Demokrat Zafer

MARDER..HEP ÖNCÜ…HEP LİDER..!!

Tarım ve Hayvancılık iş kolunda  sadece Karacabey ve Bursa’ya değil tüm Türkiye’ye örnek nitelikte çalışmalar ortaya koyan hiçbir zaman gelmiş olduğu seviyeden tatmin olmayarak Ar-ge çalışmalarıyla bunu her zaman  daha yukarılara çıkartma uğraşı veren  Türkiye’mizin yüz akı Marder Tarım ve Hayvancılık Yönetim Kurulu Başkanı İsmail Sol ile başta okuyucularımızdan gelen merak uyandıran sorulara cevaplar aldığımız kapsamlı bir röportaj gerçekleştirdik.

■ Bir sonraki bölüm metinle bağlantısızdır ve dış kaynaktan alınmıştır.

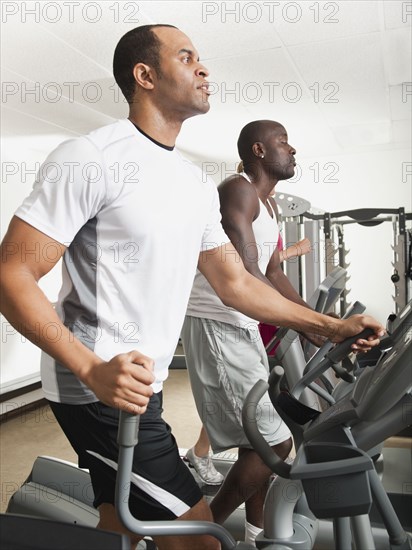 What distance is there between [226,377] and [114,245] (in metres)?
0.91

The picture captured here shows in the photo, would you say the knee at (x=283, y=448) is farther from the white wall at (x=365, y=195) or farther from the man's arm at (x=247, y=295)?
the white wall at (x=365, y=195)

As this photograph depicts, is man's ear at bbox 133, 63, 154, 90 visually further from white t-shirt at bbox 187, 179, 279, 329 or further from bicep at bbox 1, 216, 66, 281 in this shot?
white t-shirt at bbox 187, 179, 279, 329

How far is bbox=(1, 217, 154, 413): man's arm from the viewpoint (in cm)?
92

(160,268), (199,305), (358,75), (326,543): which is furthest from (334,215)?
(160,268)

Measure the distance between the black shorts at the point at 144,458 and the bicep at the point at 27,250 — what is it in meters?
0.34

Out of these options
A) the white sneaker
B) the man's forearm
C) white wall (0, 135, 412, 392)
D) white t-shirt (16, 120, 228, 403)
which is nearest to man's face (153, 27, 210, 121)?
white t-shirt (16, 120, 228, 403)

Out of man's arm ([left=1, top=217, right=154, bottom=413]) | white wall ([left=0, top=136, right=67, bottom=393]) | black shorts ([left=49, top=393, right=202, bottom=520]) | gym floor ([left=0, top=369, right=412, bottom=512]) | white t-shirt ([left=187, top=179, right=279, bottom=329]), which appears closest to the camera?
man's arm ([left=1, top=217, right=154, bottom=413])

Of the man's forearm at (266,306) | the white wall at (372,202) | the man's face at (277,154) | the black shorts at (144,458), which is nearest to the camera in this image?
the black shorts at (144,458)

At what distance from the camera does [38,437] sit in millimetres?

****İsmail Bey bizleri, ekibimizi Karacabey’in Hemen yakınındaki Her şeyin düşünülmüş olduğunu gördüğümüz hijyen kurallarına aşırı derecede önem verdiğiniz tam donanımlı çiftliğinizde konuk edip ağırlamış olmanızdan dolayı teşekkür etmek istiyorum.Sorularımıza geçmeden evvel kısaca sizi ve Marder’i tanımak isteriz.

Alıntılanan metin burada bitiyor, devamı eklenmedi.